Justiça condena cinco homens por assassinato de família inteira na Serra Gaúcha
O Tribunal do Júri de Caxias do Sul proferiu sentença histórica nesta semana, condenando cinco homens pela morte brutal de um casal e de uma menina de apenas 9 anos, todos da mesma família. O crime, que chocou a comunidade da Serra Gaúcha, ocorreu em junho de 2022 e agora teve seus responsáveis penalizados com penas que variam de 58 a 90 anos de prisão.

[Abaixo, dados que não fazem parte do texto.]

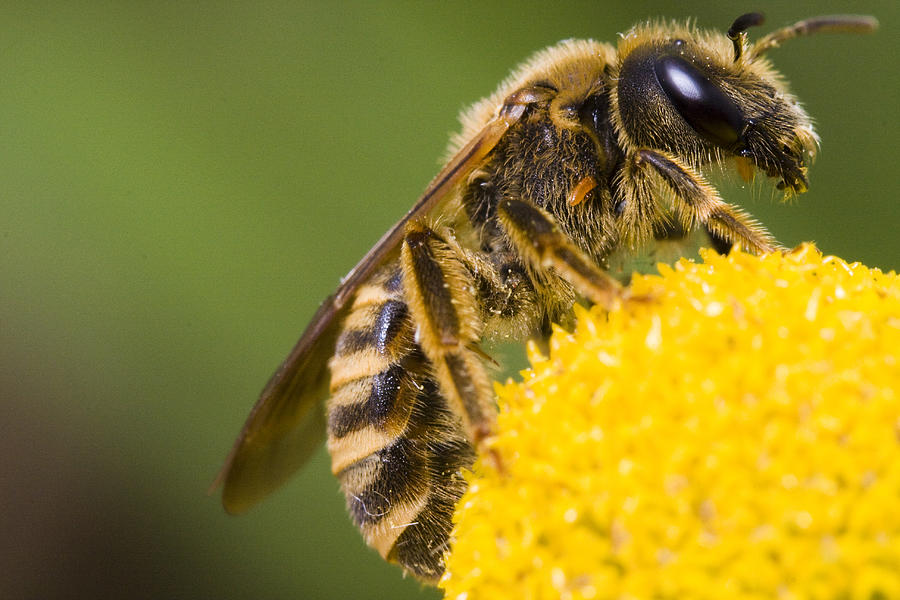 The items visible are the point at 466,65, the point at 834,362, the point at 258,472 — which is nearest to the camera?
the point at 834,362

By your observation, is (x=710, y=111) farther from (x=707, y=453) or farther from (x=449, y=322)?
(x=707, y=453)

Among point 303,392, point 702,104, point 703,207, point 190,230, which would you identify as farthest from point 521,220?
point 190,230

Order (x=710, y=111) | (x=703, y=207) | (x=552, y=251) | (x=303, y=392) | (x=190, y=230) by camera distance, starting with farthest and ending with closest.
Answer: (x=190, y=230) → (x=303, y=392) → (x=710, y=111) → (x=703, y=207) → (x=552, y=251)

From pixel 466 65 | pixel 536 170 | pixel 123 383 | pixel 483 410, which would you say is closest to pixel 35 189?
pixel 123 383

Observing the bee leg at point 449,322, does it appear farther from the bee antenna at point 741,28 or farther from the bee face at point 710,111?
the bee antenna at point 741,28

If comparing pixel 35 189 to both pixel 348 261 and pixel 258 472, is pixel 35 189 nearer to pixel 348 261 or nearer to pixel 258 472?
pixel 348 261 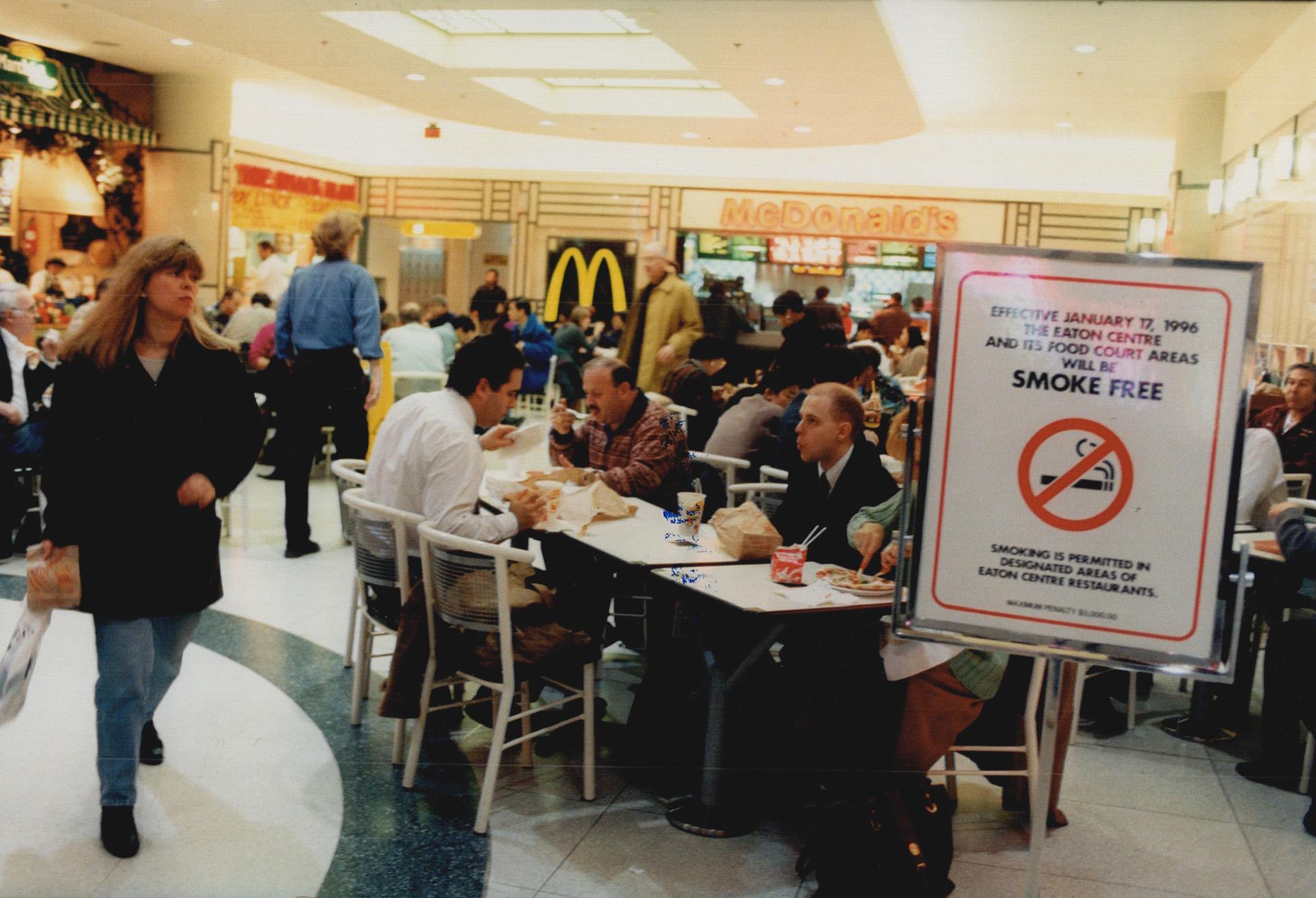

Penas severas e recursos anunciados
As sentenças, determinadas na última terça-feira (24), estabelecem que os condenados cumpram inicialmente o regime fechado. O juiz Thiago Dias da Cunha negou o direito de recorrer em liberdade a todos os réus, embora ainda caibam recursos judiciais. As penas aplicadas foram:
- Vitor Silva Pimentel: 58 anos e 8 meses
- Laion Johnatan Dall’agnol: 58 anos e 8 meses
- Paulo Cezar Santos Vieira Junior: 69 anos e 4 meses
- Paulo Roberto Stumpf Junior: 90 anos
- Emilio dos Santos: 90 anos
Os cinco foram condenados por triplo homicídio qualificado, com agravantes como dificultar a defesa das vítimas e, em três casos, motivo torpe. Defensores públicos e advogados já informaram que recursos de apelação serão interpostos junto ao Tribunal de Justiça do Rio Grande do Sul (TJRS), buscando anular a sessão ou reformar a decisão.
Crime planejado e execução brutal
Segundo a acusação do Ministério Público, o ataque foi motivado por rivalidade entre grupos familiares envolvidos com tráfico de drogas. A denúncia sustenta que o crime foi meticulosamente planejado: Emilio dos Santos e Paulo Roberto Stumpf Junior teriam ordenado a ação e escolhido os executores, Vitor, Laion e Paulo Cezar.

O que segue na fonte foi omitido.